■ How to complete this task ■
Pull every line holding the word "analysis" out of the data and copy it.

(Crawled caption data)
▼▼▼

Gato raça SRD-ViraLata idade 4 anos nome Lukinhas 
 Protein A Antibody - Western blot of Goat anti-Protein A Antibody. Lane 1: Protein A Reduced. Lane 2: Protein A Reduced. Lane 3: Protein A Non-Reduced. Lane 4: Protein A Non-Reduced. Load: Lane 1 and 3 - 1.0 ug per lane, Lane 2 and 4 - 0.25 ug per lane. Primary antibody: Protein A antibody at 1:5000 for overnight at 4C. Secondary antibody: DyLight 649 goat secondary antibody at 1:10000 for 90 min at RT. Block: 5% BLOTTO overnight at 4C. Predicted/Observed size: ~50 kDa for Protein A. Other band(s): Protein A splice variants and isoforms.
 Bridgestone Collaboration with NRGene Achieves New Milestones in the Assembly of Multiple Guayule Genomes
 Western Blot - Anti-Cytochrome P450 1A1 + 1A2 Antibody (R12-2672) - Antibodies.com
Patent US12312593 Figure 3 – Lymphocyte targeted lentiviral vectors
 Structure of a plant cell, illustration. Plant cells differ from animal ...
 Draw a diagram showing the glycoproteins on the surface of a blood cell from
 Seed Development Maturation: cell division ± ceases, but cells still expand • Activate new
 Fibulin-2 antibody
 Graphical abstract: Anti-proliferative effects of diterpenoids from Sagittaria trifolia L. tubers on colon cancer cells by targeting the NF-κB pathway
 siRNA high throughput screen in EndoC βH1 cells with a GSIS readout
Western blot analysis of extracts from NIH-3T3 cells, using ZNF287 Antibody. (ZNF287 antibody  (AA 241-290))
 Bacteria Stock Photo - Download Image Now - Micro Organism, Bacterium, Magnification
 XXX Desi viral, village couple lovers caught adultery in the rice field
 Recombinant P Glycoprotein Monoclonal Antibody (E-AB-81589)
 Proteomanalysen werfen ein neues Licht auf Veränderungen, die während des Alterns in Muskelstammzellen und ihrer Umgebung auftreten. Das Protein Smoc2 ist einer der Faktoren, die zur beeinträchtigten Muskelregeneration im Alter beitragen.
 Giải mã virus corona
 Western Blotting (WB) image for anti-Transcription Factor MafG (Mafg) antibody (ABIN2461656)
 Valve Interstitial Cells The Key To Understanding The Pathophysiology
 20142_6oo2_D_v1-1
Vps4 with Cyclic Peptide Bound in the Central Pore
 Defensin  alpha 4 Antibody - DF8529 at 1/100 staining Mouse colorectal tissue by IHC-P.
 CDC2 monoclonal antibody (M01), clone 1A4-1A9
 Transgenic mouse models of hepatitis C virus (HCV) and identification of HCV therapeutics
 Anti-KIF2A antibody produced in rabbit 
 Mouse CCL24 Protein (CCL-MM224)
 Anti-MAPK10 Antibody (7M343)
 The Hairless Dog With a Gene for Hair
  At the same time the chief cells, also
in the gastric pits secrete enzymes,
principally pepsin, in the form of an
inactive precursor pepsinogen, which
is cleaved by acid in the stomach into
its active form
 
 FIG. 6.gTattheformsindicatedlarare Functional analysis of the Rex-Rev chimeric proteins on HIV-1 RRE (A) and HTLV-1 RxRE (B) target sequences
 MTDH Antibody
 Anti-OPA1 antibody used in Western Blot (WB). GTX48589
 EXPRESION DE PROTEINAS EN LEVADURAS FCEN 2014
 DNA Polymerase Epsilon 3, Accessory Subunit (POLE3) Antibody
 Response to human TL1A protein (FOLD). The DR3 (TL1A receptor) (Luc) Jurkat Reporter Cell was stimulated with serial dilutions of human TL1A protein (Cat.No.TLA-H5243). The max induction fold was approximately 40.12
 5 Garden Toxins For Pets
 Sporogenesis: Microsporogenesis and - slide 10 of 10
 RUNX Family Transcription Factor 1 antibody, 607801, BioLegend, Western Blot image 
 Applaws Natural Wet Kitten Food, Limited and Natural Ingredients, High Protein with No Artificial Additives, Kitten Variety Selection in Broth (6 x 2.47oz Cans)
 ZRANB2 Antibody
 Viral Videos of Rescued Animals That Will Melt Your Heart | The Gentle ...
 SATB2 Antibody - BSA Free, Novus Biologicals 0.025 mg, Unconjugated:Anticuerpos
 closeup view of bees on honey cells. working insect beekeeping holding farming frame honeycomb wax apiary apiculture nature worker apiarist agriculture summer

▲▲▲

■ Answer for this exercise ■
Western blot analysis of extracts from NIH-3T3 cells, using ZNF287 Antibody. (ZNF287 antibody  (AA 241-290))
 FIG. 6.gTattheformsindicatedlarare Functional analysis of the Rex-Rev chimeric proteins on HIV-1 RRE (A) and HTLV-1 RxRE (B) target sequences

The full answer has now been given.